Getting in front of customers
So here are some thoughts on how to get more face to face contact with potential and existing customers this year. Which can you build into your approach to strengthen your business relationships?
- Ring and invite the customer for a catch-up – have some ideas to share with them so they feel it’s a valuable session. Perhaps you have a business opportunity to pass their way? Perhaps it’s just been a while and you would welcome an update on how things have been going for them so you can offer greater help?
- Send them a piece of research or insight, ideally produced by your organisation and then offer to sit down with them to explain the implications for their business. You’ll find you get a really good response if the research benchmarks them against a competitor or discusses a trend in their industry.

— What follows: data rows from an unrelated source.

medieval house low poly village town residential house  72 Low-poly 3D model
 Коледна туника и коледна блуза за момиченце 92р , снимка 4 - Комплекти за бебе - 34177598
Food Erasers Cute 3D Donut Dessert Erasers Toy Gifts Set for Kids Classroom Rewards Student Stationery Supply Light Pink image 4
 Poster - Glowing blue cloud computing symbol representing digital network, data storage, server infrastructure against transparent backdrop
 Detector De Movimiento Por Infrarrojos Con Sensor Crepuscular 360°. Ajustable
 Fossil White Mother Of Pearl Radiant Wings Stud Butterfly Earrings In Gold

- Go and network and make sure you follow up all the contacts you make – ideally arranging another time to get together as part of your discussion with them.
- Call in favours from the people in your network to broker introductions to a specific customer and perhaps suggest that you all meet initially over a lunch or coffee. Make sure you have got favours to call in though and, if not, build them up. You’ll need to give in order to get.
- Create an event, taster session, seminar or workshop around your product/service and invite the customer to take part. The more relevant and valuable they’ll feel it is to them, the greater your chances of them attending. Make sure whatever type of event you go for, you get some one-to-one time with the customer and build in a follow-up session through your conversation.
- Create opportunities to introduce different contacts and clients to each other in a face-to-face environment – such as the events we mentioned in the earlier bullet. Ensure those contacts have the potential to be valuable or benefit each other. Your action will be received positively and remembered by all concerned. They may even return the favour at some point in the future.